Pastrana will be buried on Tuesday in a cemetery in Sinaloa de Leyva, a town
near her birthplace. She has become a minor celebrity in the Mexican press.
Maria Luisa Miranda Monrreal, the director of the Sinaloa Cultural Institute,
held a news conference last week and said the burial marked an end to a cycle
"of exploitation."
Governor Valdez, who has criticized the press for scaring away tourists by
focusing on the drug violence in Sinaloa, will attend the service. His letter
last year to Norway's human-remains ethics board appealed for Pastrana's return
out of a "respect for human dignity and a high sense of justice."
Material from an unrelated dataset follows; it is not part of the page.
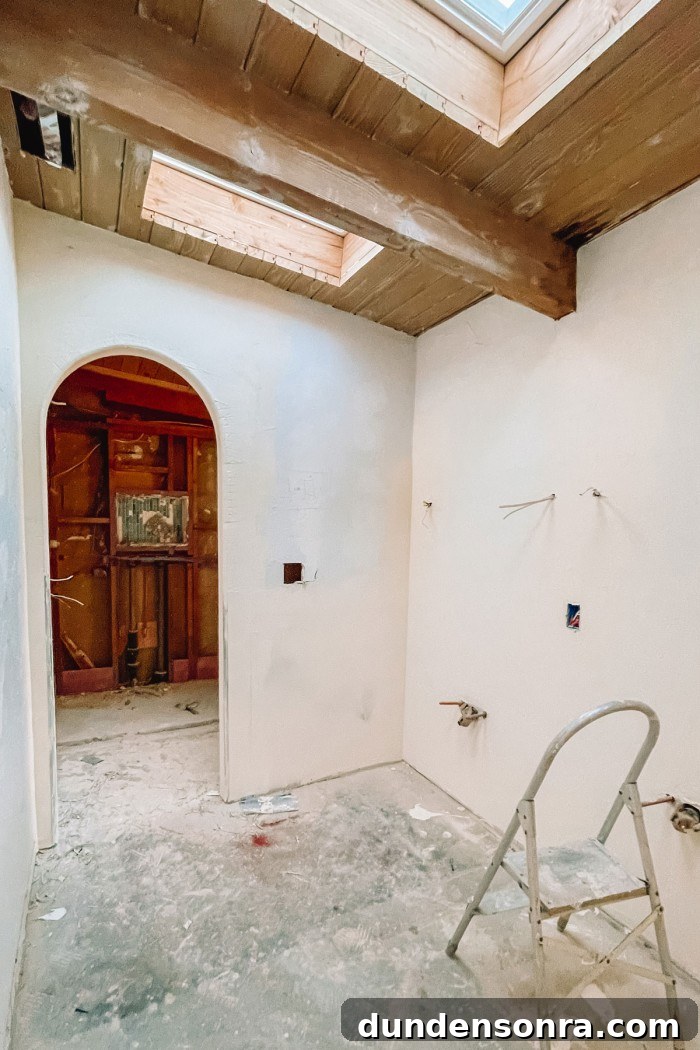 Palm Springs Main Bathroom Remodel Ideas and Plans 10 bathroom under construction with arch and wood ceilings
For Ms. Barbata and others who have wished for this moment, Tuesday's burial
will offer a sweet though long-overdue resolution.
"Her story has always had a bad ending," said Jonathan Fielding, a New
York-based actor who directed a production of Mr. Prendergast's play about
Pastrana last year at Amphibian Stage Productions in Fort Worth, where Ms.
Culebro is artistic director. "The big difference is that now it has an
appropriate ending."
This article has been revised to reflect the following correction:
Correction: February 12, 2013
An earlier version of this article misidentified the country where Theodore Lent
met the woman who became his second wife. It was Germany, not Mexico.